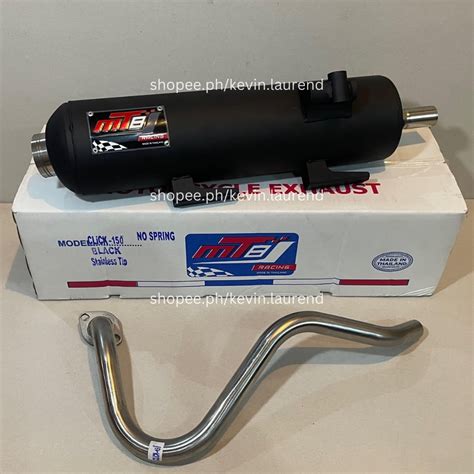 Mt Pipe For Click I I V V Gamechanger Honda Stainless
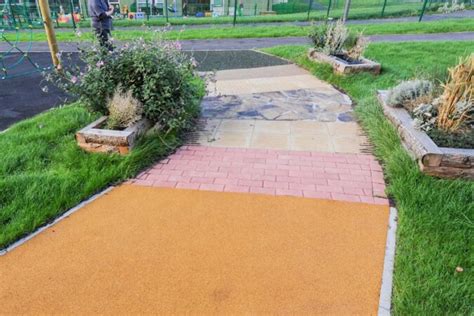 Playground Sensory Path Sovereign Play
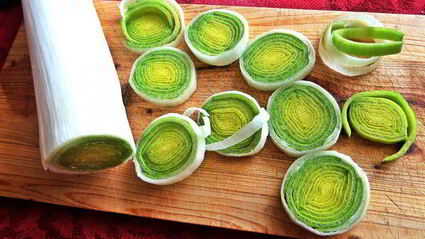 блины с луковым припеком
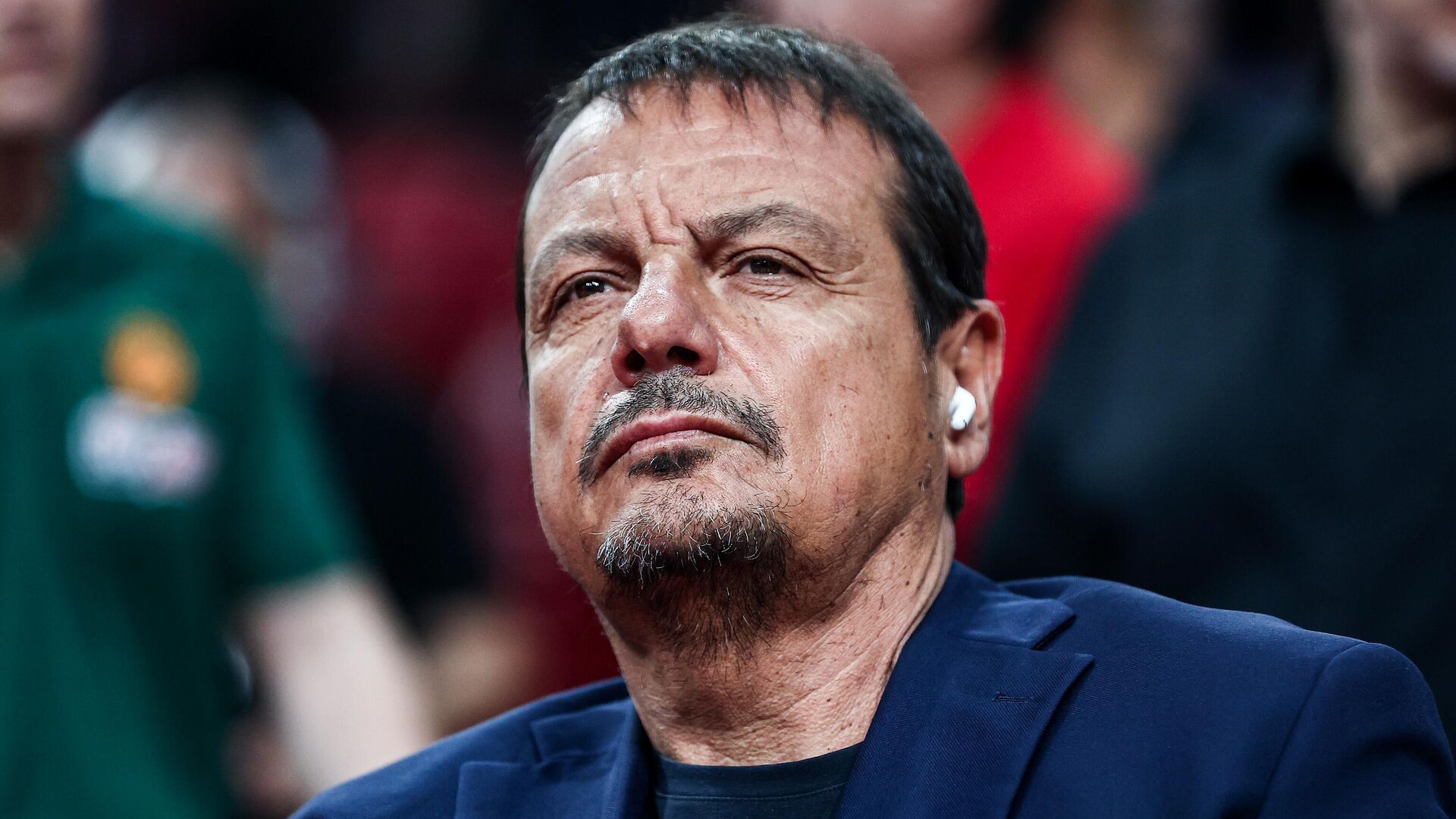 A Milli Erkek Basketbol Takımı başantrenörü Ergin Ataman'ın acı günü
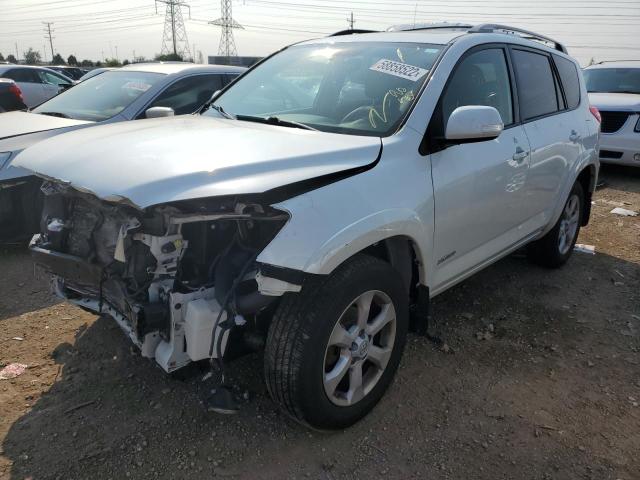 Photo 2 from auction – 2010 TOYOTA RAV4 LIMIT with VIN JTMDF4DV7A5027035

# Problem requirements
Please set down each line of the listing above word for word, skipping any pictures.

# Task answer
 Mt Pipe For Click I I V V Gamechanger Honda Stainless
 Playground Sensory Path Sovereign Play
 блины с луковым припеком
 A Milli Erkek Basketbol Takımı başantrenörü Ergin Ataman'ın acı günü
 Photo 2 from auction – 2010 TOYOTA RAV4 LIMIT with VIN JTMDF4DV7A5027035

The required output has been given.